§ TASK TO COMPLETE: When the line containing "A Group of Nine" appears in the entries below, begin printing there and stop after the line containing "Small excavator working"; print each of those lines exactly and no other line.

§ INPUT DATA:
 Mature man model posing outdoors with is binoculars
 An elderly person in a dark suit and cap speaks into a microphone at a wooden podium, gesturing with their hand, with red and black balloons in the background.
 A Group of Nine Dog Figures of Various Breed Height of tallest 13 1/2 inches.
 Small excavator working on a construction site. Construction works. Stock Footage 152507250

* * *

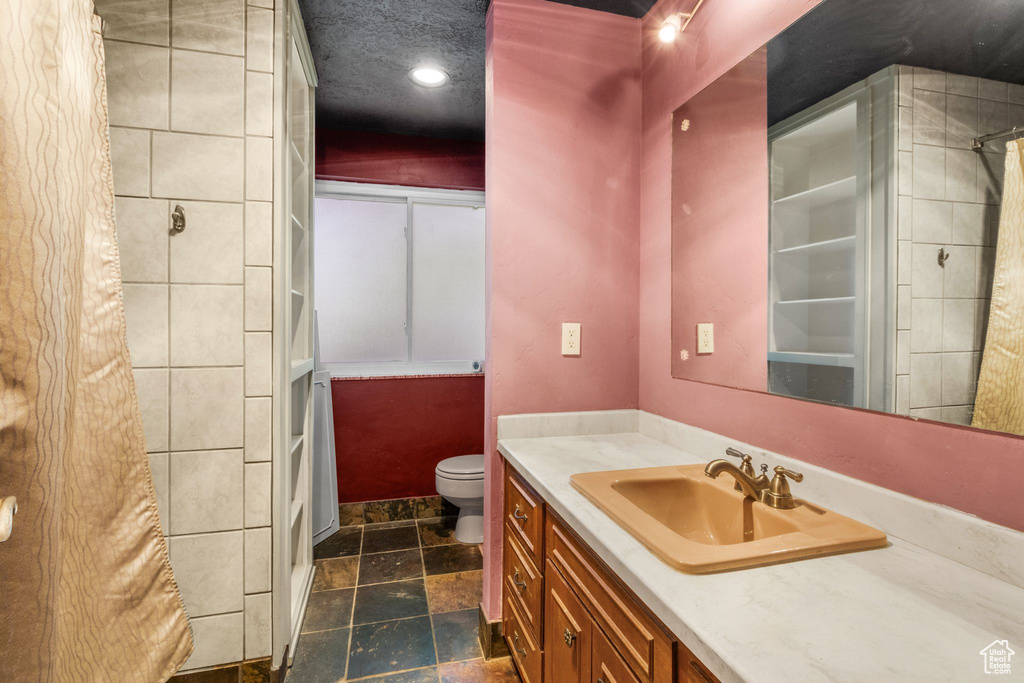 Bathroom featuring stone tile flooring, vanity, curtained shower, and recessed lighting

§ RESULT BELOW:
 A Group of Nine Dog Figures of Various Breed Height of tallest 13 1/2 inches.
 Small excavator working on a construction site. Construction works. Stock Footage 152507250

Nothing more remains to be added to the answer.